____ MATERIAL FOR THE TASK

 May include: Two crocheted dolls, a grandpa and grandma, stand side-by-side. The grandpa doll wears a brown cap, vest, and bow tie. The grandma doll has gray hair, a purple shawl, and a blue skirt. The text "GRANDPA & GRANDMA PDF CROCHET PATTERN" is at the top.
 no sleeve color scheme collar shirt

________
____ MATERIAL FOR THE TASK

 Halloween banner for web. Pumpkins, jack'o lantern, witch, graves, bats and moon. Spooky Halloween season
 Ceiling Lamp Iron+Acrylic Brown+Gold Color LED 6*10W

________

### WHAT YOU NEED TO DO
Restate word for word only the lines above from the line containing "May include: Two" to the line containing "no sleeve color scheme collar shirt", both of them included.

### FINISHED EXERCISE
 May include: Two crocheted dolls, a grandpa and grandma, stand side-by-side. The grandpa doll wears a brown cap, vest, and bow tie. The grandma doll has gray hair, a purple shawl, and a blue skirt. The text "GRANDPA & GRANDMA PDF CROCHET PATTERN" is at the top.
 no sleeve color scheme collar shirt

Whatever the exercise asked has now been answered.